Start of Information

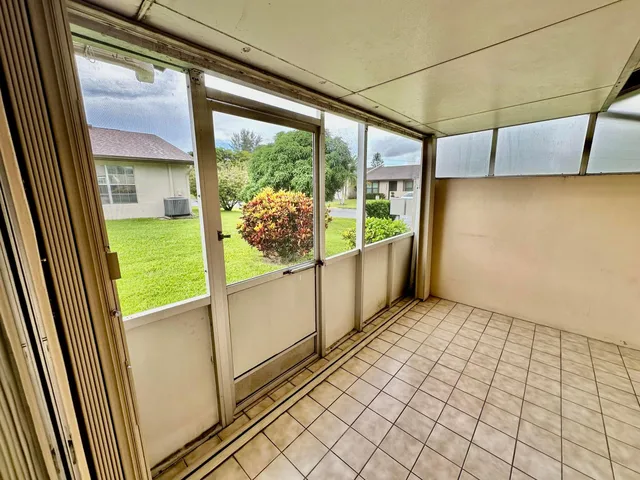 Residence photo 33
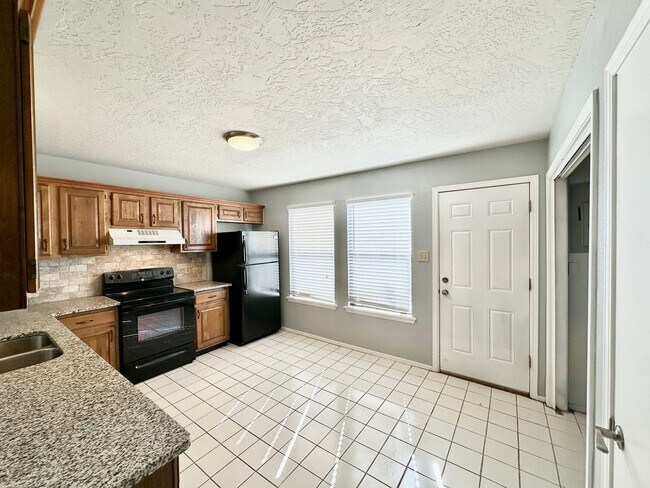 Foto del edificio - 6899 NW Willow Springs Dr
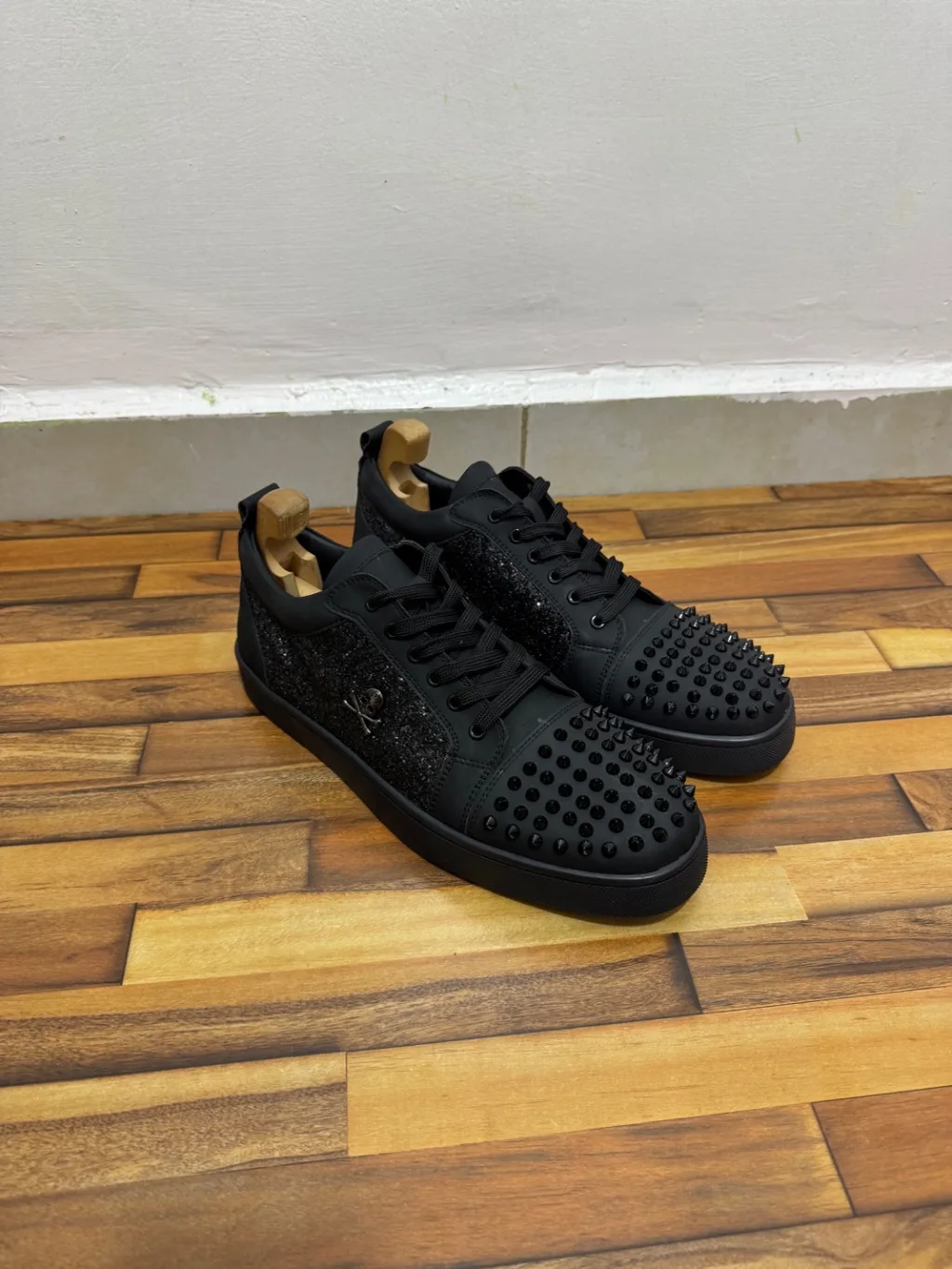 CHRISTIAN LOUBOUTIN 🖤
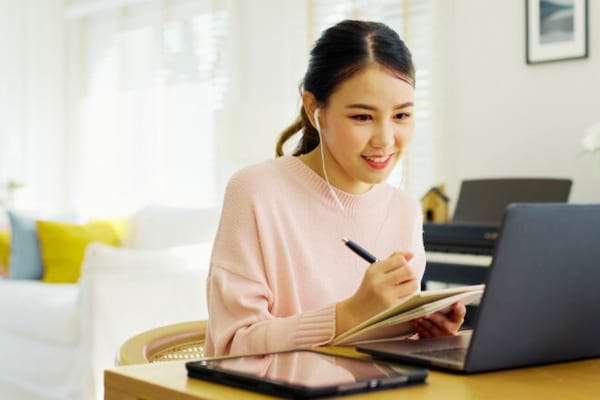Une étudiante qui prend des cours en ligne 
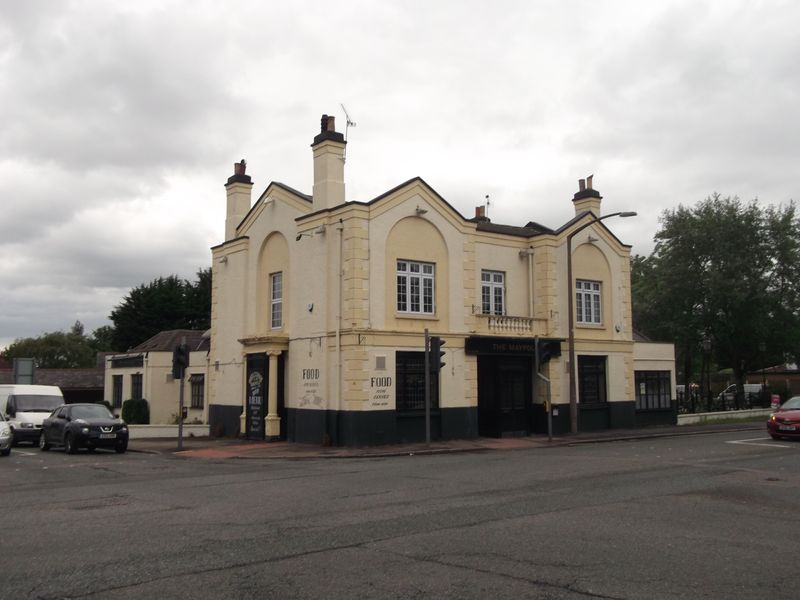 Maypole - Chigwell Row (1). (Pub, External). Published on 22-04-2014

End of Information

*What the task requires*: Reproduce the entries exactly. Do not carry over any picture.

*Problem solution*:
 Residence photo 33
 Foto del edificio - 6899 NW Willow Springs Dr
 CHRISTIAN LOUBOUTIN 🖤
Une étudiante qui prend des cours en ligne 
 Maypole - Chigwell Row (1). (Pub, External). Published on 22-04-2014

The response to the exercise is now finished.